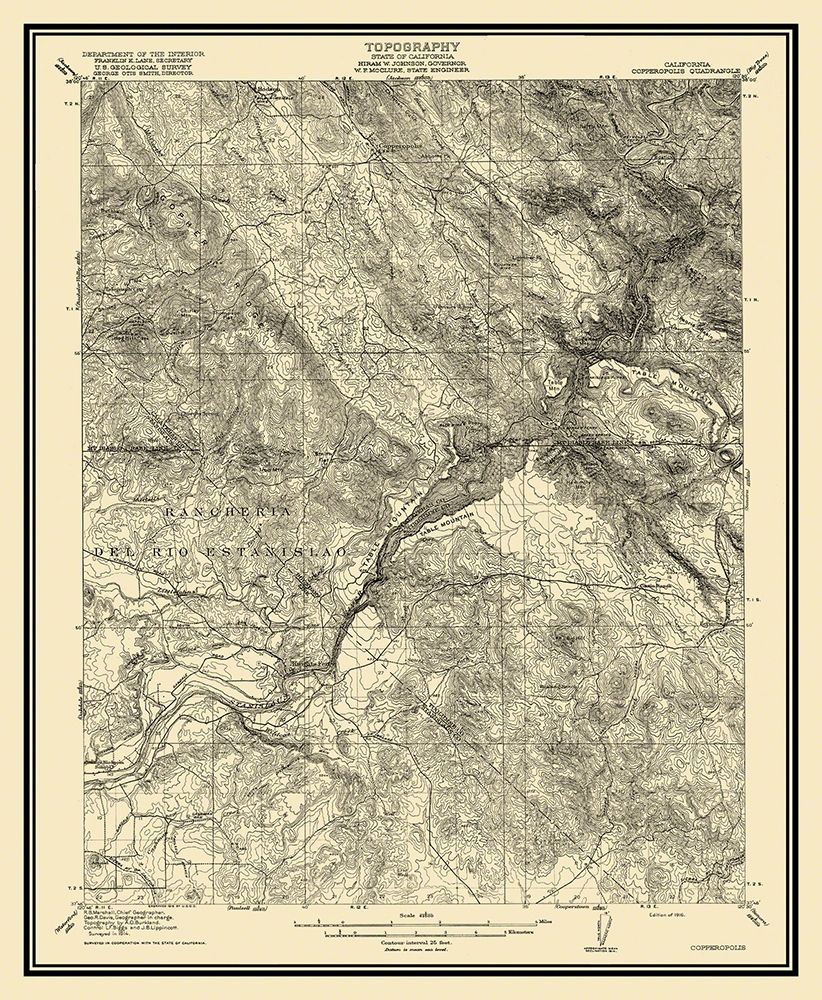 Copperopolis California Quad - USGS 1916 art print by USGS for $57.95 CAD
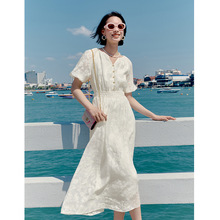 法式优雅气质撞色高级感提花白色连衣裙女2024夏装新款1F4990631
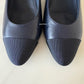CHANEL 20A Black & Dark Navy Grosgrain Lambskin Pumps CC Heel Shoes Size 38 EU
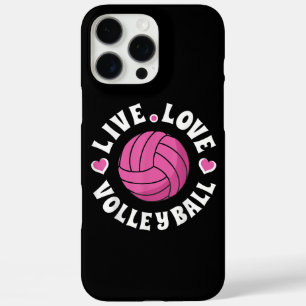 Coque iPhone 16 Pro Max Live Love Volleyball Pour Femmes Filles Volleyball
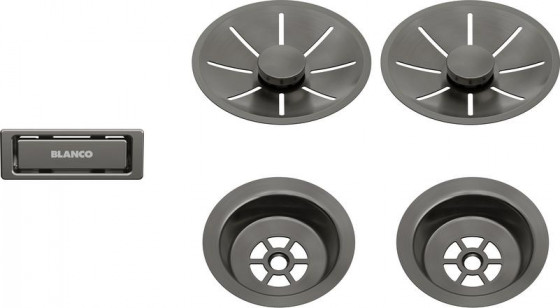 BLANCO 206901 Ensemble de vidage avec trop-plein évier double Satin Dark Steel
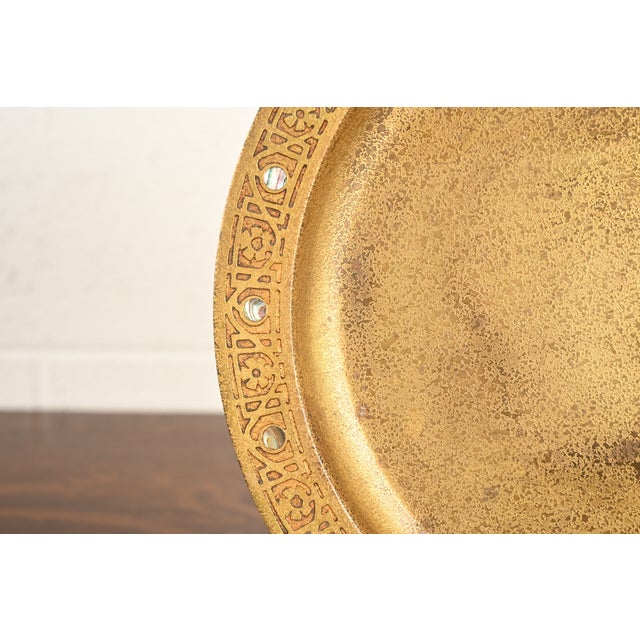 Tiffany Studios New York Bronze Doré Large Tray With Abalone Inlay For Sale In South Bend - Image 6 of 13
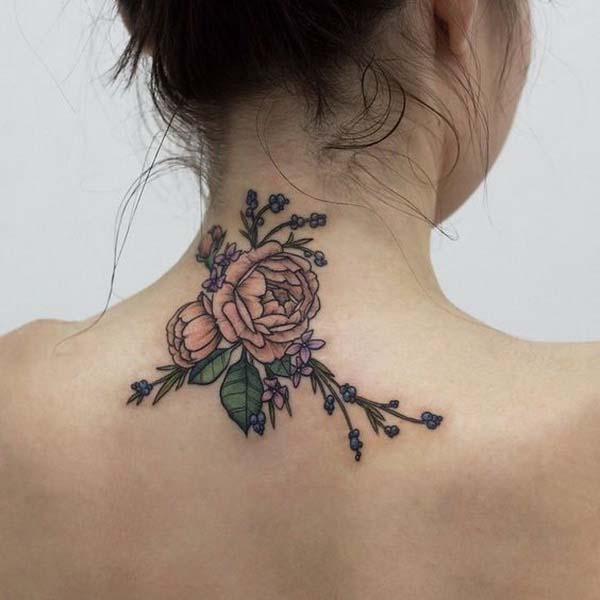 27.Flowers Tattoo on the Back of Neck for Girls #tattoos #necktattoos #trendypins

----

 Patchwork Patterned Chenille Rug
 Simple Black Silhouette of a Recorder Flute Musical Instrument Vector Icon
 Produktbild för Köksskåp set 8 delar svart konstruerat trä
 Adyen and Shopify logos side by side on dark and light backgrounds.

----

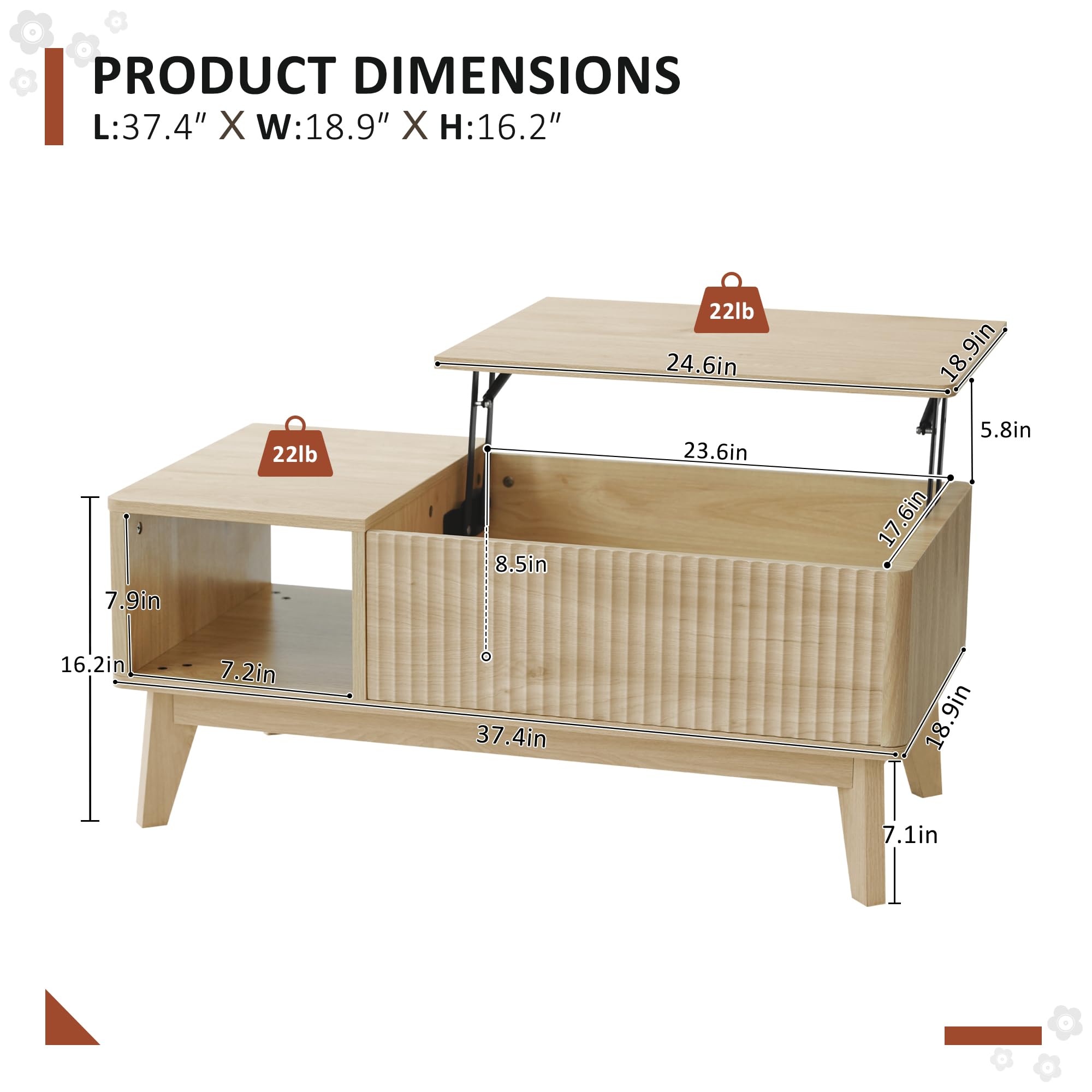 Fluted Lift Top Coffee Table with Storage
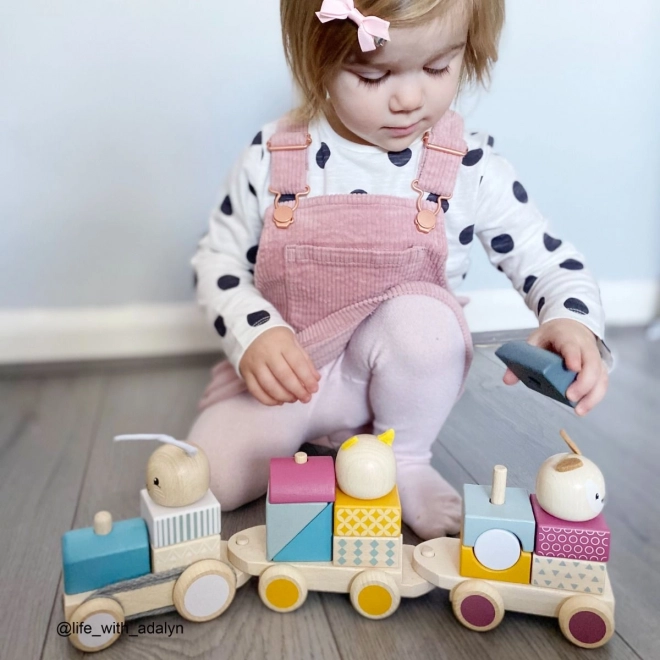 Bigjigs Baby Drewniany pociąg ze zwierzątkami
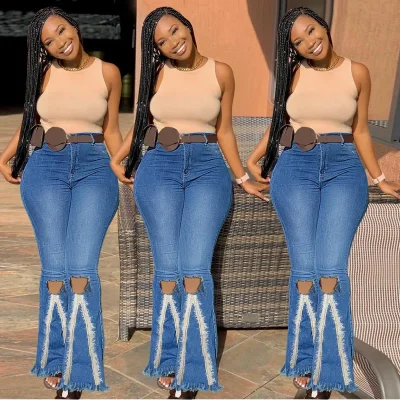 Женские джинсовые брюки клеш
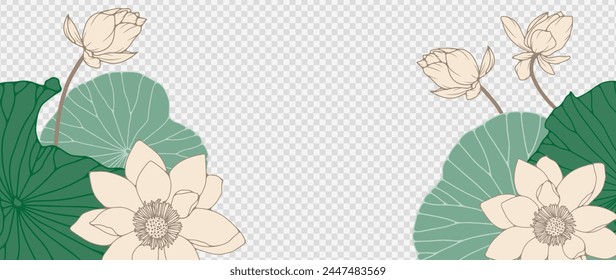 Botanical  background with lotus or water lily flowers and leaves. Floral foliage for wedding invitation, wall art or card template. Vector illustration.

----

*PROBLEM REQUIREMENTS:* Out of the records above, return only the lines from the one with "Bigjigs Baby Drewniany" through the one with "template. Vector illustration.", exactly, and none of the pictures.

*FINISHED EXERCISE:*
 Bigjigs Baby Drewniany pociąg ze zwierzątkami
 Женские джинсовые брюки клеш
 Botanical  background with lotus or water lily flowers and leaves. Floral foliage for wedding invitation, wall art or card template. Vector illustration.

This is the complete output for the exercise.